Open rcng6514 opened 8 months ago
This issue is currently awaiting triage.
If Ingress contributors determines this is a relevant issue, they will accept it by applying the triage/accepted
label and provide further guidance.
The triage/accepted
label can be added by org members by writing /triage accepted
in a comment.
/remove-kind bug
/triage needs-information /kind support
What type of GCP load balancer are you using? Can you try port forwarding to the ingress service and see if the issue persists?
What type of GCP load balancer are you using? Can you try port forwarding to the ingress service and see if the issue persists?
Client -> TCP L4 -> NGINX Ingress Controller -> App
With:
Client -> TCP L4 -> App
Connection holds open for 24 hrs
@rcng6514 the comment from @strongjz is seeking info on
client --> [port-forward-to-svc-created-by-controller] --> app
Morning, tested with TCP L4 LB removed and port forwarded to ingress-controller k8s svc. We still observe the same behaviour and connections are issued a GOAWAY after 5-10 minutes.
- Write real practical step by step instruction, including a example app image url, that readers can copy/paste from and reproduce on a minikube or kind cluster
@longwuyuan this isn't straightforward to achieve as the app contains IP that we'd need to strip from the image which will take considerable time.

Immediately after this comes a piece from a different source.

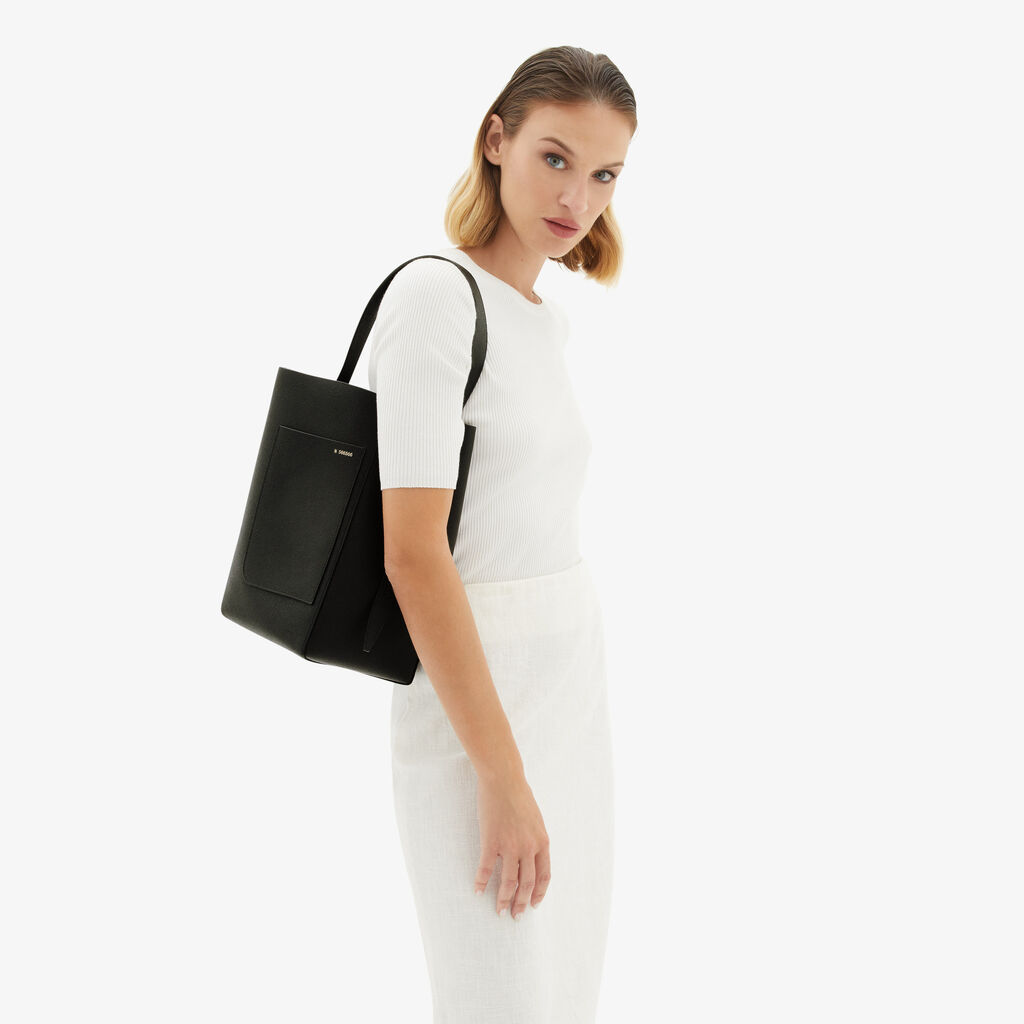 Valextra Borsa a secchiello da Donna in Media Pelle Nera | Valextra Soft Nuovo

We'll start the process on this but will take time so was hoping to at least start the conversation on this.
@rcng6514 , thanks, Would you know if there is a chart on artifacthub.io or a image in hub.docker.com that can be used for reproduce ?

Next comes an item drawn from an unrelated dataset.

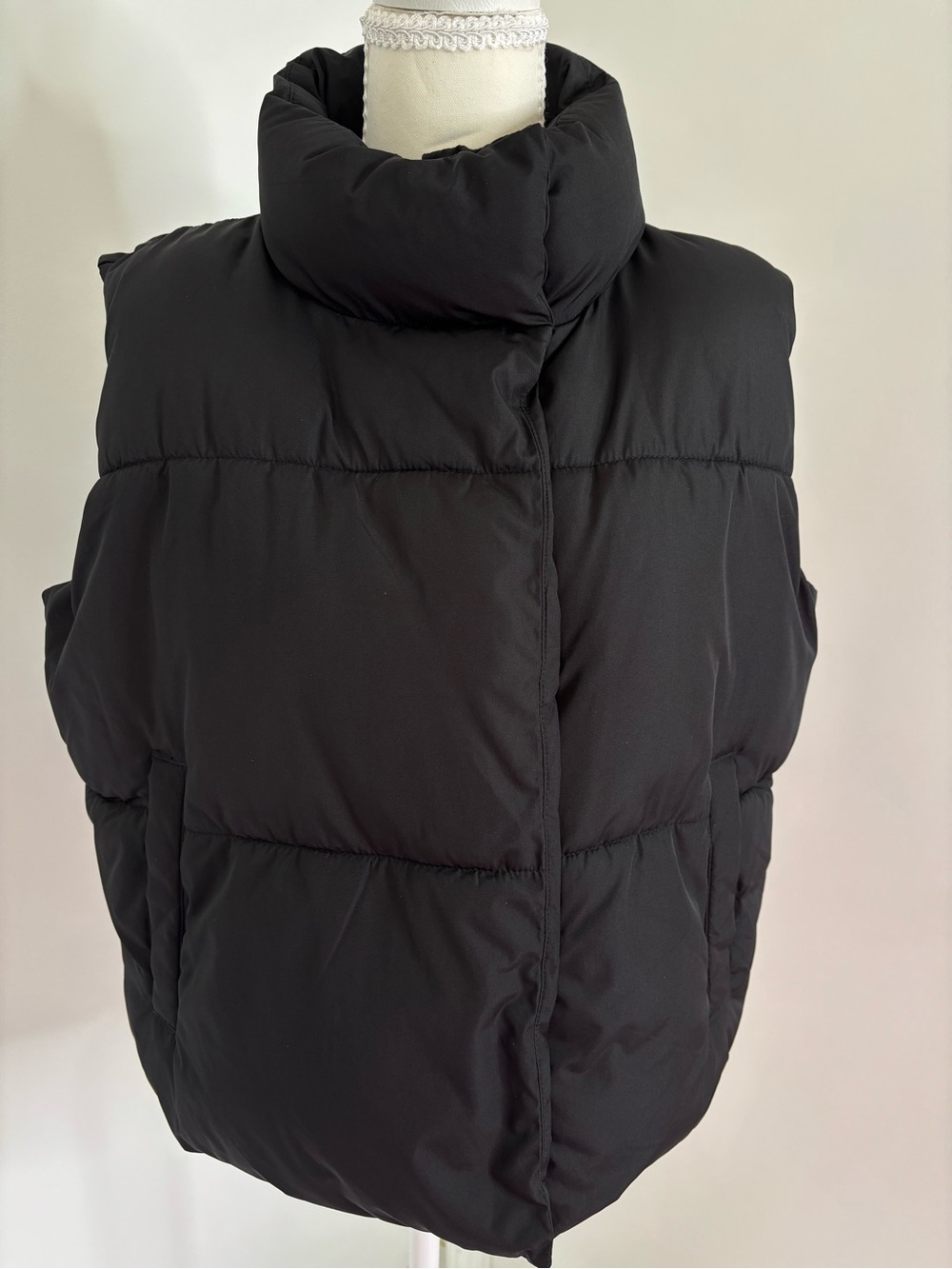 Old Navy Black Puffer Vest with High Collar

This is stale, but we won't close it automatically, just bare in mind the maintainers may be busy with other tasks and will reach your issue ASAP. If you have any question or request to prioritize this, please reach #ingress-nginx-dev
on Kubernetes Slack.
kubectl apply -f https://raw.githubusercontent.com/kubernetes/ingress-nginx/controller-v1.9.5/deploy/static/provider/cloud/deploy.yaml
---
apiVersion: v1
kind: Namespace
metadata:
name: grpc
---
apiVersion: apps/v1
kind: Deployment
metadata:
name: grpc
namespace: grpc
labels:
app: grpc
spec:
replicas: 1
selector:
matchLabels:
app: grpc
template:
metadata:
labels:
app: grpc
spec:
containers:
- name: grpc
image: docker.io/rcng1514/server
ports:
- containerPort: 8443
---
apiVersion: v1
kind: Service
metadata:
name: grpc
namespace: grpc
spec:
selector:
app: grpc
ports:
- protocol: TCP
port: 8443
targetPort: 8443
---
apiVersion: networking.k8s.io/v1
kind: Ingress
metadata:
name: grpc
namespace: grpc
annotations:
# use the shared ingress-nginx
nginx.ingress.kubernetes.io/ssl-redirect: "true"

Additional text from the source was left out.